Chicagowskie giełdy - Chicago Trade Board, Chicago Board Options Exchange i Chicago Mercantile Exchange zwiesiły swoje operacje, co odczuły rynki na całym świecie. First National Bank Chicago wysyłał swoich maklerów do swojego biura w Londynie. Pracownicy powrócili dopiero po trzech miesiącach.
Pracownicy powiatowego budynku starali się ratować z zalanej piwnicy dokumenty ze znajdującego się tam archiwum. Zamknięto sąd w Daley Center. Centrum Chicago przypominało wymarłe miasto. Do nocnej ochrony budynków pozbawionych alarmów przez awarię prądu wysłano 200 dodatkowych policjantów. Ulice wokół ratusza (City Hall) były zwalone pompami i osuszaczami.

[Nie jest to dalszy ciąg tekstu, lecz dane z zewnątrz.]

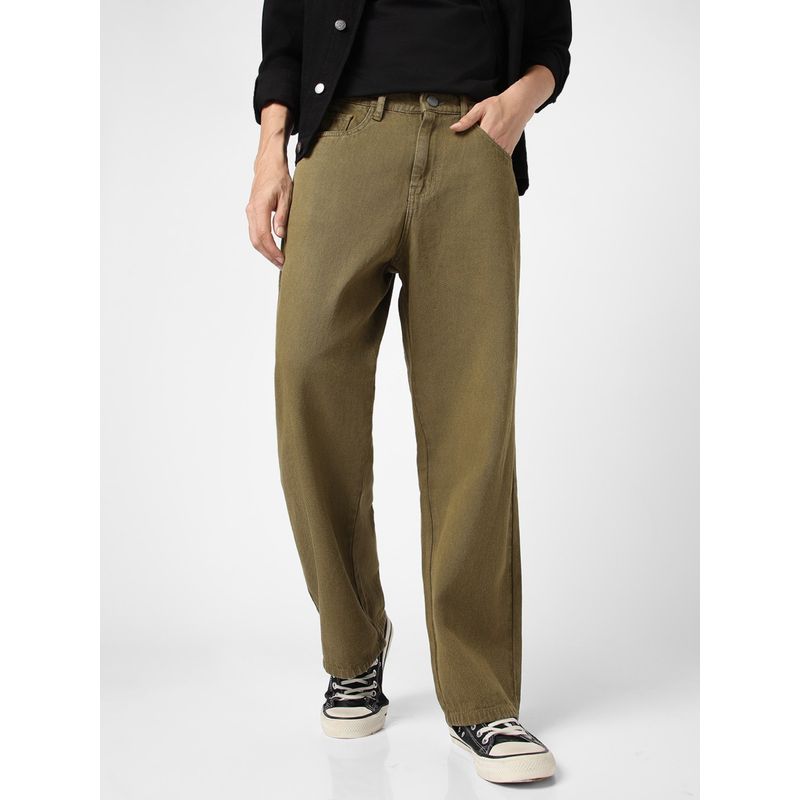 Urbano Fashion Men's Dark Olive Loose Baggy Fit Washed Jeans Non-Stretchable (30)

Wielu mieszkańców, którzy pamiętają wydarzenia sprzed 25 lat, wspomina materace, którymi ponoć zatykano otwór tunelu na rzece Chicago przy Kinzie Street. Niektórzy odrzucają to jako mit. Inni mówią, że byli na miejscu i tak właśnie było.
"Przywieźli je, ale nigdy nie zostały użyte"- mówi J.J. Madia, inżynier, który przez 20 lat monitorował miejski tunele. Miejski architekt, Geoffrey Goldberg, zatrudniony wtedy przez administrację burmistrza Richarda Daleya, stwierdził, że używanie materacy "nie jest takie głupie, jak się wydaje." Przypomniał, że w czasie II wojny światowej materace były używane do awaryjnego łatania uszkodzeń na statkach spowodowanych torpedami.
We wtorek, dzień po zalaniu centrum, co najmniej 150 budynków w Loop pozostawało bez prądu. Trwało wypompowywanie wody z piwnic i ratowanie dokumentów. Burmistrz Richard Daley podjął pierwsze decyzje w sprawie wycieku zwalniając Johna LaPlante - miejskiego komisarza ds. transportu miejskiego, który wiedział o wycieku i nie podjął odpowiednich działań.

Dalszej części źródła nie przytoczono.